- WORK REQUIRED: Below are the records; collect from them each line containing the string "sempre".

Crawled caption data
------------

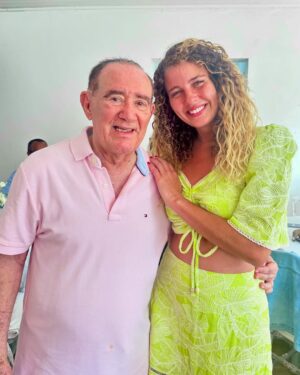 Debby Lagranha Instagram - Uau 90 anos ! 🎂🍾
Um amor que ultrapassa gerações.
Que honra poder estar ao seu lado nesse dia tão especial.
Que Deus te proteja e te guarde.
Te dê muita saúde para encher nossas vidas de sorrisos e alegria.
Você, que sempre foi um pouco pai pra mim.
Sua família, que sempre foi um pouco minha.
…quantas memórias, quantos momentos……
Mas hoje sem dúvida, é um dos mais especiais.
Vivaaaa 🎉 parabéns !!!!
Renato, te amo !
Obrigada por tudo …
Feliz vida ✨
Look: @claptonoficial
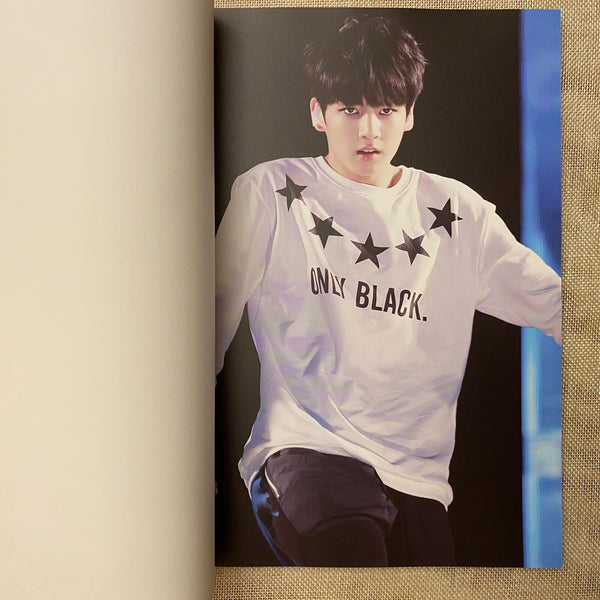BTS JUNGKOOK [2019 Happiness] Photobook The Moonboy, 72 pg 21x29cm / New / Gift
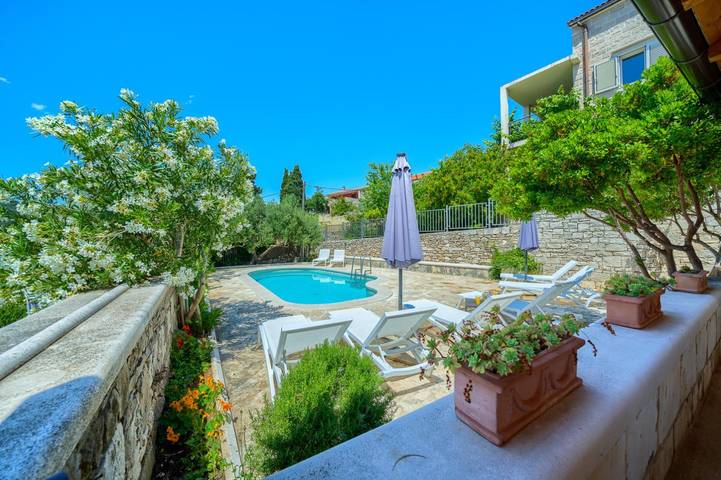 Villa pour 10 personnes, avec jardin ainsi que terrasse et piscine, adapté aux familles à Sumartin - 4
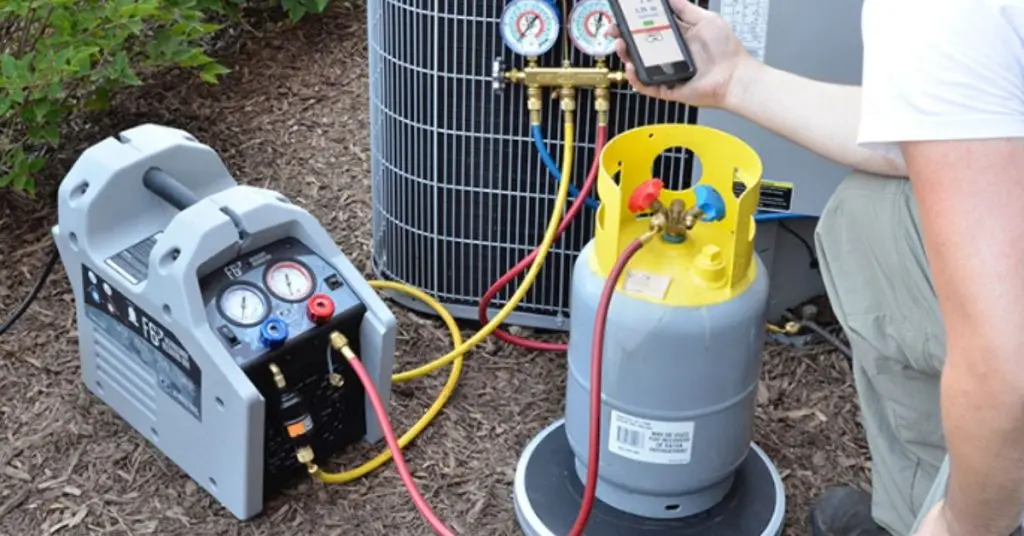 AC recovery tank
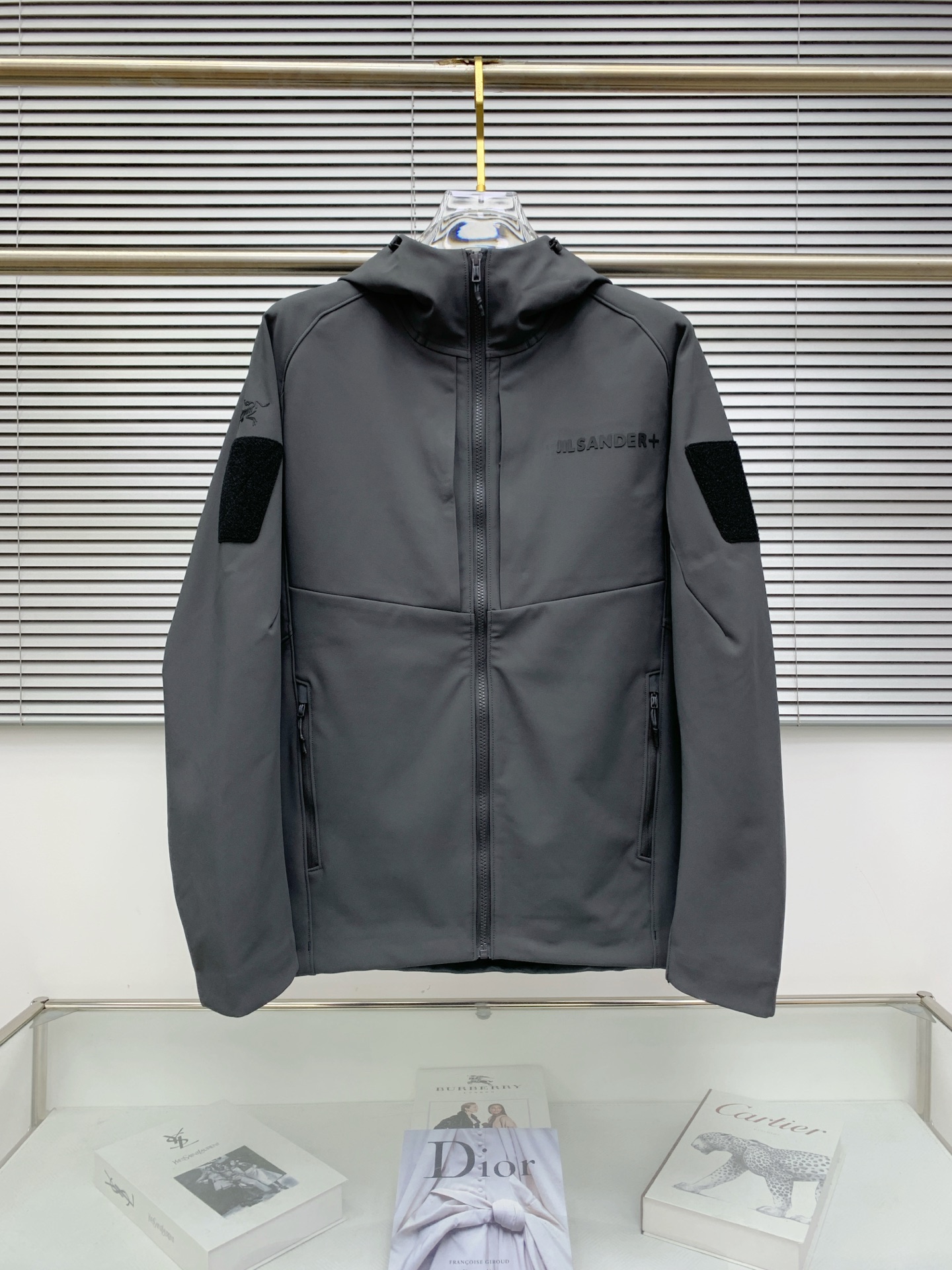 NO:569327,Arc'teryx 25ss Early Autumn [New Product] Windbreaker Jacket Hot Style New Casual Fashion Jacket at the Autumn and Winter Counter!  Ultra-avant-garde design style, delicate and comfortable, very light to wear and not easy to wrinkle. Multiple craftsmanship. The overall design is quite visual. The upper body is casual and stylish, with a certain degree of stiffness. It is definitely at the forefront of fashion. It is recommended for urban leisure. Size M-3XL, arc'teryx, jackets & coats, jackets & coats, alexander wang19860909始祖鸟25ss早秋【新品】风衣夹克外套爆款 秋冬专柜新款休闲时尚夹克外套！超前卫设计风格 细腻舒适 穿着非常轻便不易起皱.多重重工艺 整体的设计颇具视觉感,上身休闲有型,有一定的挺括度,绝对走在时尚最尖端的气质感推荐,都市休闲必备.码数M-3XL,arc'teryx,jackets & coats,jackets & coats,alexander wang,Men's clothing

------------

- TASK RESULT:
Você, que sempre foi um pouco pai pra mim.
Sua família, que sempre foi um pouco minha.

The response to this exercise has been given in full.